### THE TASK
Give back the entries exactly as they read, leaving each image out.

(Data entries)

▼

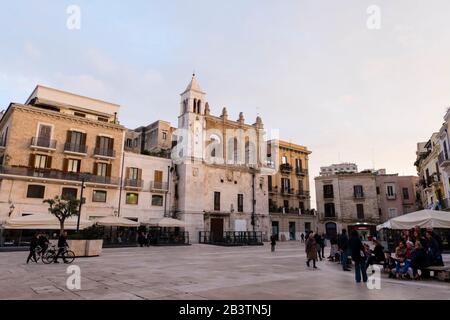 Piazza Mercantile, quartiere antico, Bari, Puglia, Italia Foto Stock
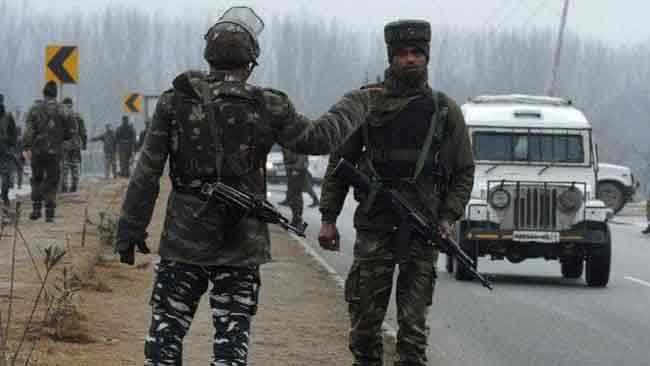 പുൽവാമയിൽ ഏറ്റുമുട്ടൽ: മേജർ അടക്കം നാല്​ സൈനികർ കൊല്ലപ്പെട്ടു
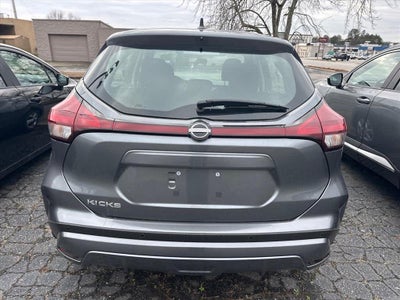 2025 Nissan Kicks Play S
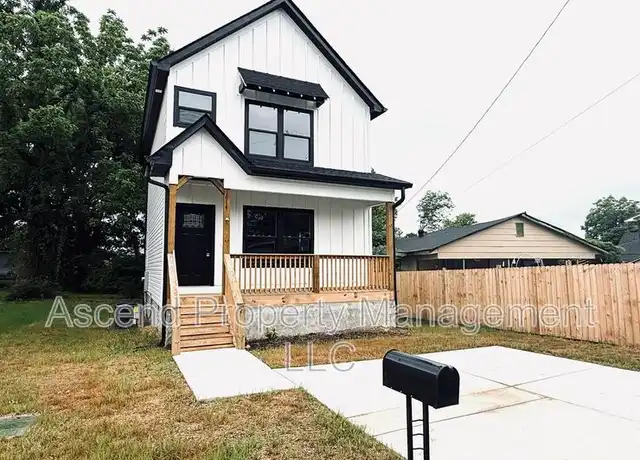 Property at 1614 E 49th St, Chattanooga, TN, 37407, 3 beds, 2.5 baths, [object Object]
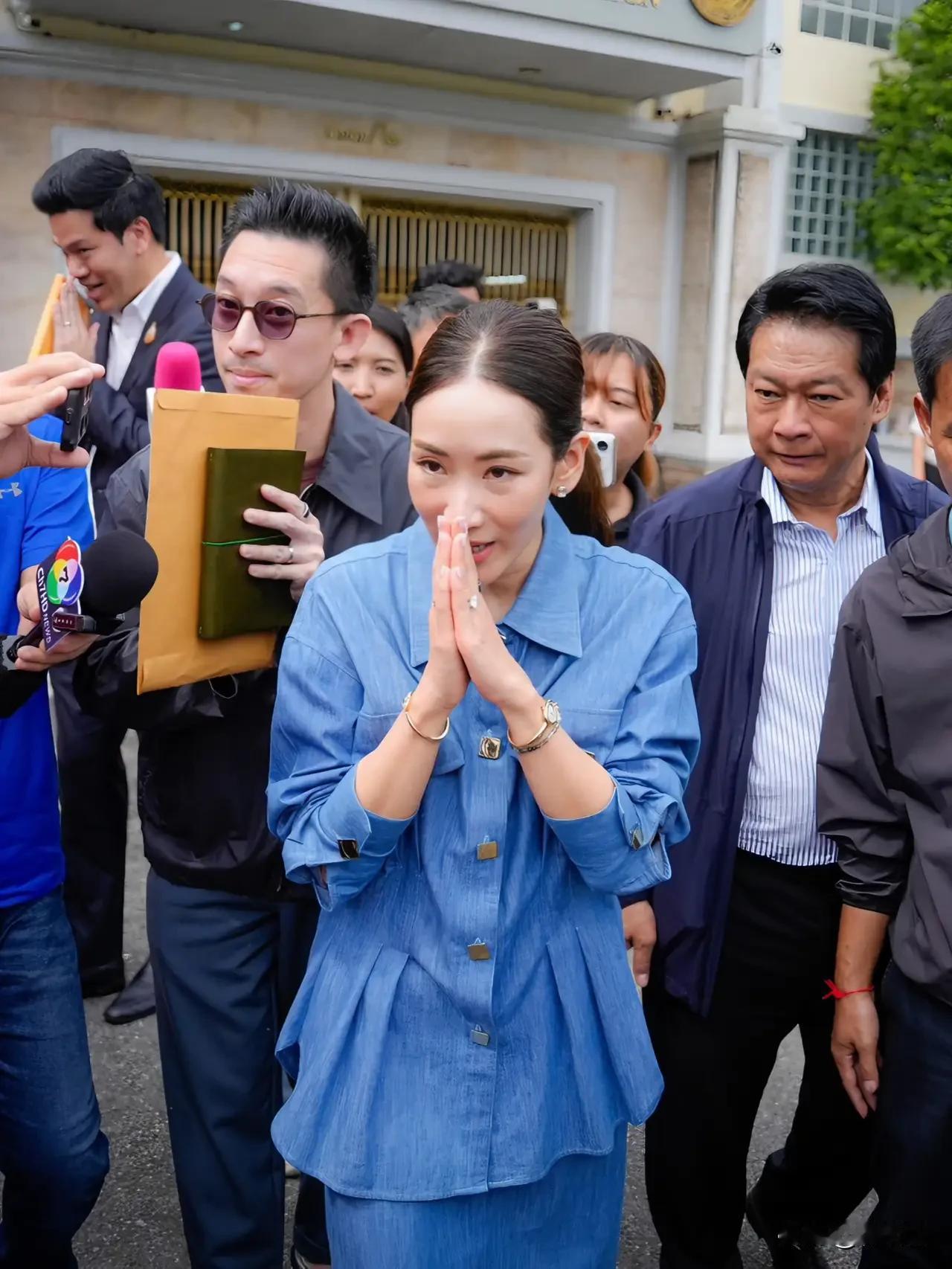 不出意外，萍通塔将成为他信家族最后的一张王牌，虽然佩通坦近期对为泰党的事务很上心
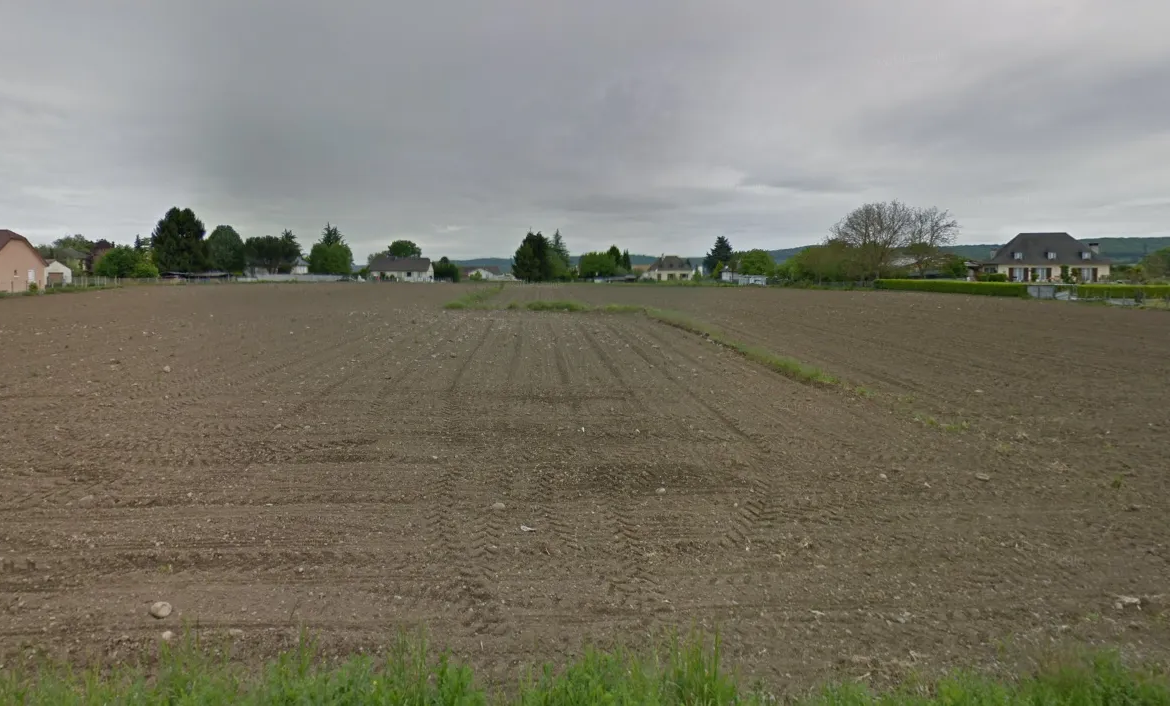 Terrain de 703 m² à Bénéjacq avec vue Pyrénées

▲

### RESPONSE AREA
 Piazza Mercantile, quartiere antico, Bari, Puglia, Italia Foto Stock
 പുൽവാമയിൽ ഏറ്റുമുട്ടൽ: മേജർ അടക്കം നാല്​ സൈനികർ കൊല്ലപ്പെട്ടു
 2025 Nissan Kicks Play S
 Property at 1614 E 49th St, Chattanooga, TN, 37407, 3 beds, 2.5 baths, [object Object]
 不出意外，萍通塔将成为他信家族最后的一张王牌，虽然佩通坦近期对为泰党的事务很上心
 Terrain de 703 m² à Bénéjacq avec vue Pyrénées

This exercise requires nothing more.